### What is needed
Restate exactly the lines that run from the start of the records below to the line containing "Otoño/Invierno 2026 Capa", counting both ends, and nothing else; pictures stay out.

### Task data
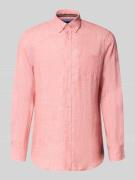 Christian Berg Men Slim Fit Leinenhemd mit Brusttasche in Lachs, Größe...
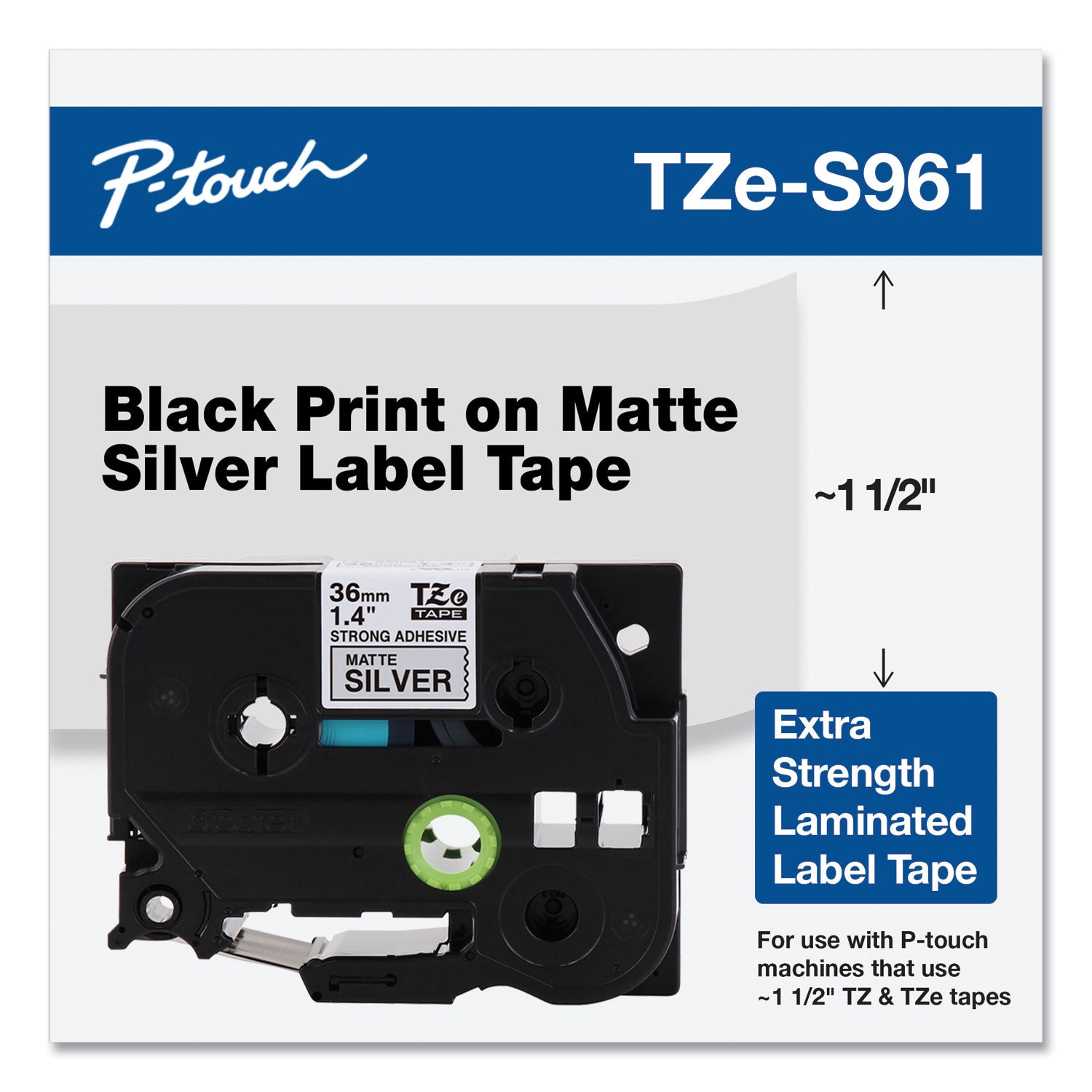 tz-extra-strength-adhesive-laminated-labeling-tape-14-x-262-ft-black-on-matte-silver_brttzes961 - 2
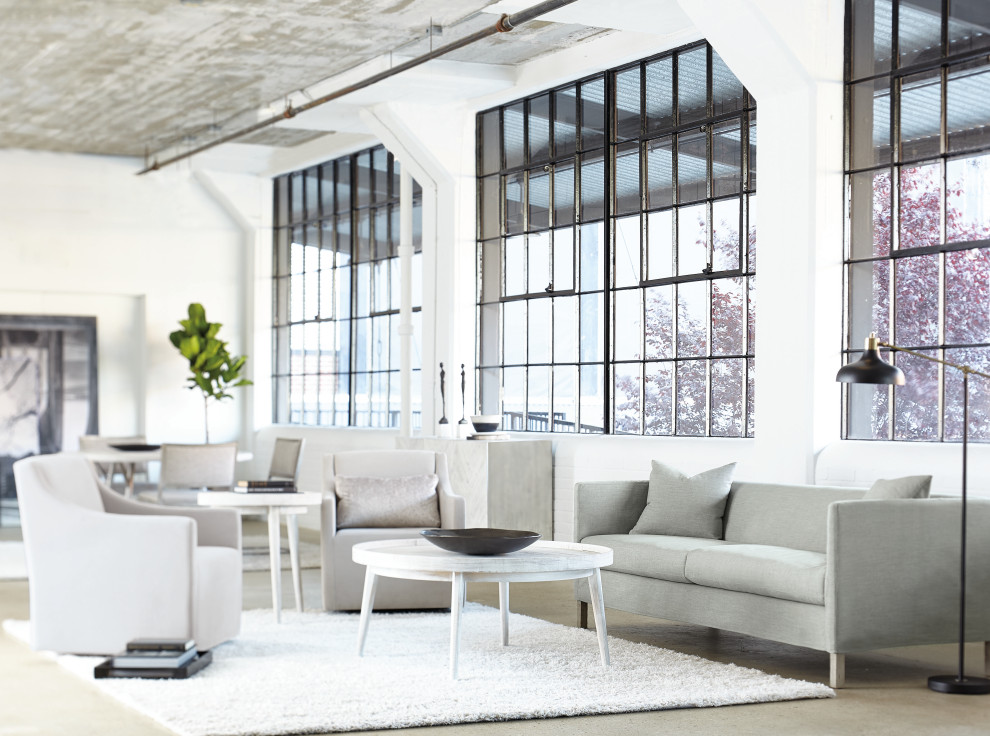 Bernhardt Loft Booker Round Cocktail Table  Brushed White   Midcentury   Coffee Tables   by HedgeApple  Houzz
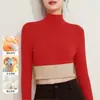 Otoño/Invierno 2026 Capa Base de Lana y Seda Estilo Nuevo para Mujer Capa Interior Cálida de Forro Polar Top de Cuello Alto con Forro Polar Adicional y Diseño Engrosado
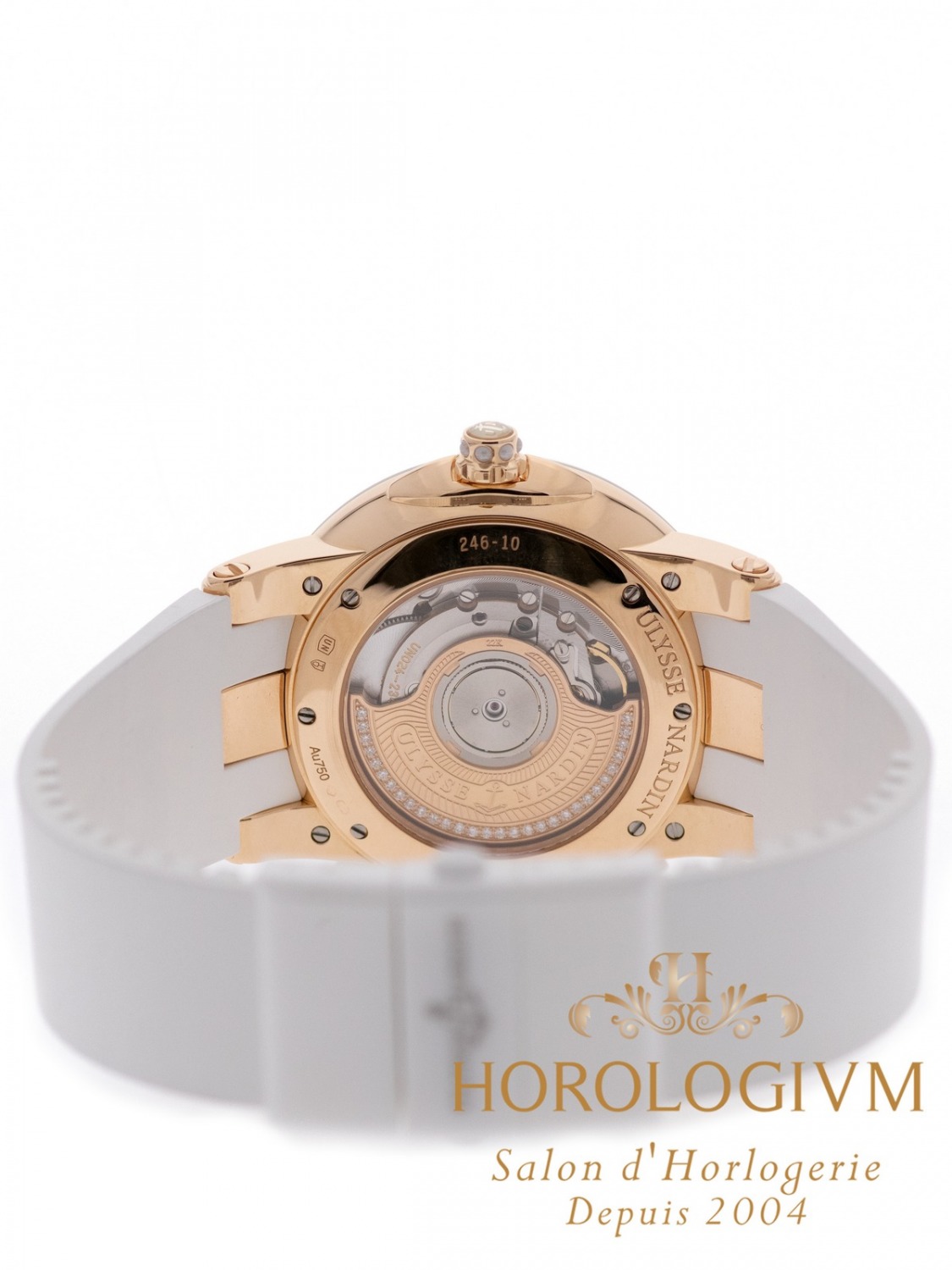 Ulysse Nardin Dual Time Lady Ref. 246-10/391 watch, yellow gold (case) and white (bezel)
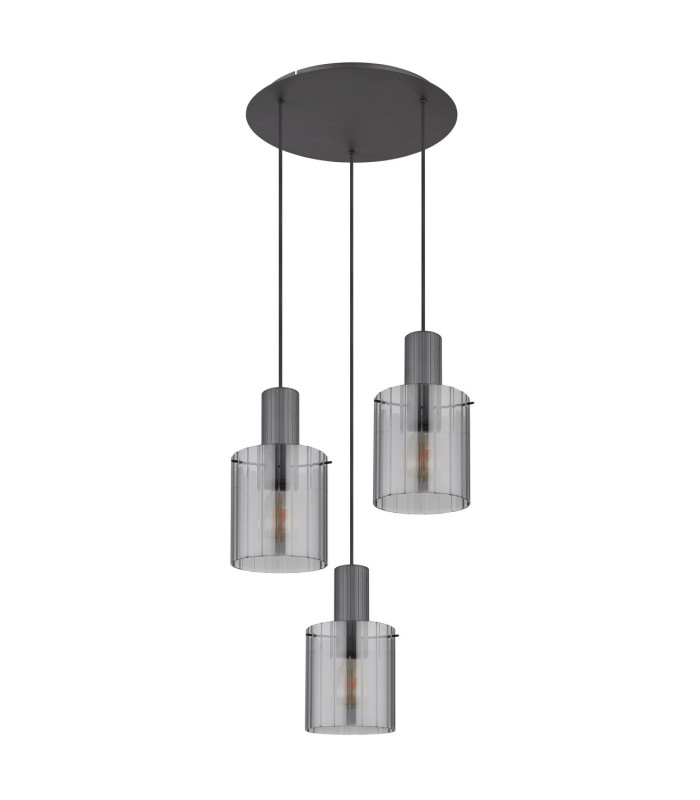 Tulivar Cluster Pendant Ceiling Light Grey Dark Smoke Glass Shade 3x E27-2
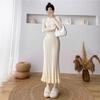 Elegant French Tea Break Style Knit Midi Dress Women Winter High Waist Long Sleeve Solid Color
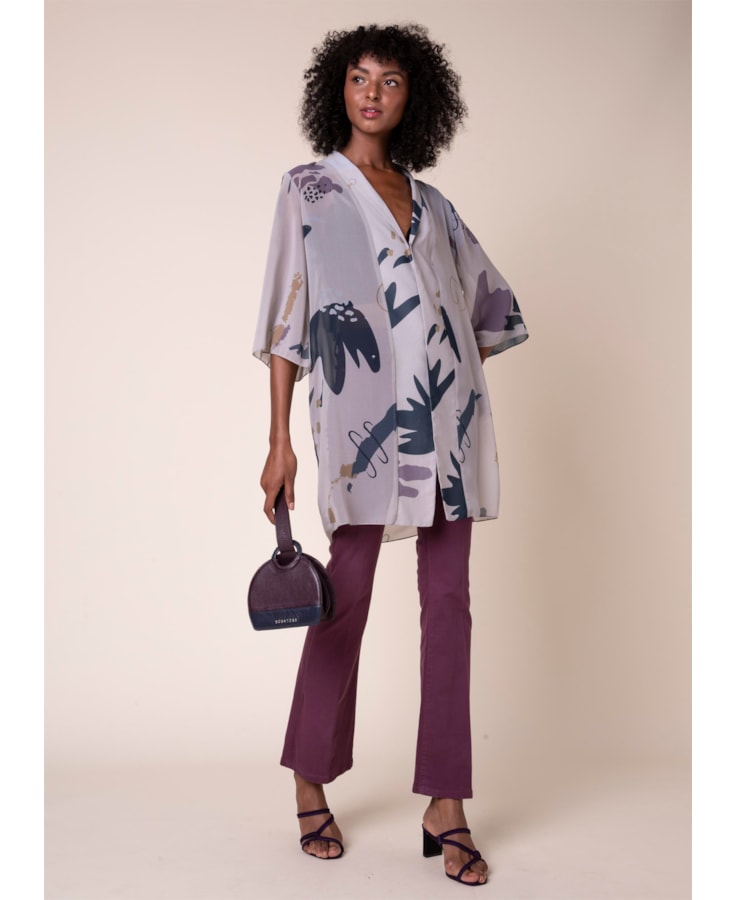 Kimono Art Splash Estampado Bege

### Answer for this exercise
 Christian Berg Men Slim Fit Leinenhemd mit Brusttasche in Lachs, Größe...
 tz-extra-strength-adhesive-laminated-labeling-tape-14-x-262-ft-black-on-matte-silver_brttzes961 - 2
 Bernhardt Loft Booker Round Cocktail Table  Brushed White   Midcentury   Coffee Tables   by HedgeApple  Houzz
 Otoño/Invierno 2026 Capa Base de Lana y Seda Estilo Nuevo para Mujer Capa Interior Cálida de Forro Polar Top de Cuello Alto con Forro Polar Adicional y Diseño Engrosado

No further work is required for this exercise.